Avanço dos diagnósticos em São Paulo
Além da fatalidade catarinense, o estado de São Paulo notificou oficialmente duas ocorrências da enfermidade. Os pacientes paulistas estão sob monitoramento médico constante, enquanto equipes de vigilância epidemiológica rastreiam a possível área de transmissão dos vírus pelos vetores locais.
Entenda a transmissão do vírus
A principal forma de contágio da doença ocorre por meio da picada de mosquitos infectados, sobretudo da espécie Culex, amplamente encontrada no território nacional. É importante destacar que aves silvestres funcionam como os principais hospedeiros naturais do agente infeccioso, servindo de reservatório para a circulação viral na natureza.
Sintomatologia e medidas preventivas
A maioria das pessoas infectadas apresenta quadro assintomático ou sintomas leves, como febre moderada, dores de cabeça e no corpo. Contudo, em uma parcela reduzida dos casos, o patógeno pode atingir o sistema nervoso central, provocando manifestações severas a exemplo de encefalite e meningite.

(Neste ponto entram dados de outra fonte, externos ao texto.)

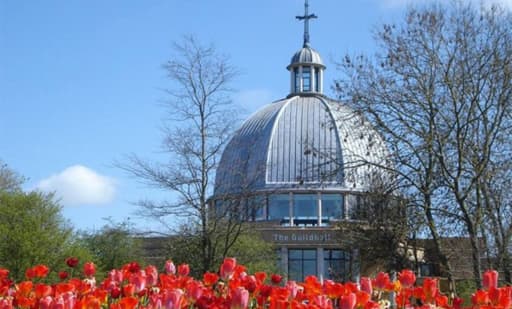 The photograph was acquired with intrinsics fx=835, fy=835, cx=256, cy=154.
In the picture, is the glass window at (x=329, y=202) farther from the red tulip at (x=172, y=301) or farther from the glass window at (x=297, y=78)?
the red tulip at (x=172, y=301)

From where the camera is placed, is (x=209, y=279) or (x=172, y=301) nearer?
(x=172, y=301)

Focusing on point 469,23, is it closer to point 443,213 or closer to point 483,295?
point 443,213

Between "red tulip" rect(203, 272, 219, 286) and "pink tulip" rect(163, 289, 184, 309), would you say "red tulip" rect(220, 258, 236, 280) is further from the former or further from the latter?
"pink tulip" rect(163, 289, 184, 309)

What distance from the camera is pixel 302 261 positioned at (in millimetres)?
49188

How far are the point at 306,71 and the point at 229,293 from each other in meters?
53.4

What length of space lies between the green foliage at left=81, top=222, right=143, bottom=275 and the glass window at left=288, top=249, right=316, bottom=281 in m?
18.7

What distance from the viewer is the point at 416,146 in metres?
14.7

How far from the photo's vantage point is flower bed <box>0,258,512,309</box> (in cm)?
362

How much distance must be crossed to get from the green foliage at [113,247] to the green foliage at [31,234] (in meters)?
6.21

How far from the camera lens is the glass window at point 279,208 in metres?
48.7

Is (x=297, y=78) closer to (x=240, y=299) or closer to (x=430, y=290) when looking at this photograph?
(x=430, y=290)

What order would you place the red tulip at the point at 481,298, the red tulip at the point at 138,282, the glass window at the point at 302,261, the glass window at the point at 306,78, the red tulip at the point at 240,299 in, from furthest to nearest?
the glass window at the point at 306,78 < the glass window at the point at 302,261 < the red tulip at the point at 138,282 < the red tulip at the point at 481,298 < the red tulip at the point at 240,299

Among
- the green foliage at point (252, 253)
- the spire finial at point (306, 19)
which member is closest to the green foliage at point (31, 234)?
the green foliage at point (252, 253)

Diante do cenário epidemiológico atual, especialistas reforçam a necessidade de adotar barreiras de proteção individual contra picadas de insetos. O uso regular de repelentes, a instalação de telas em janelas e a eliminação de criadouros de água parada são estratégias fundamentais para conter a proliferação dos vetores e proteger a saúde pública.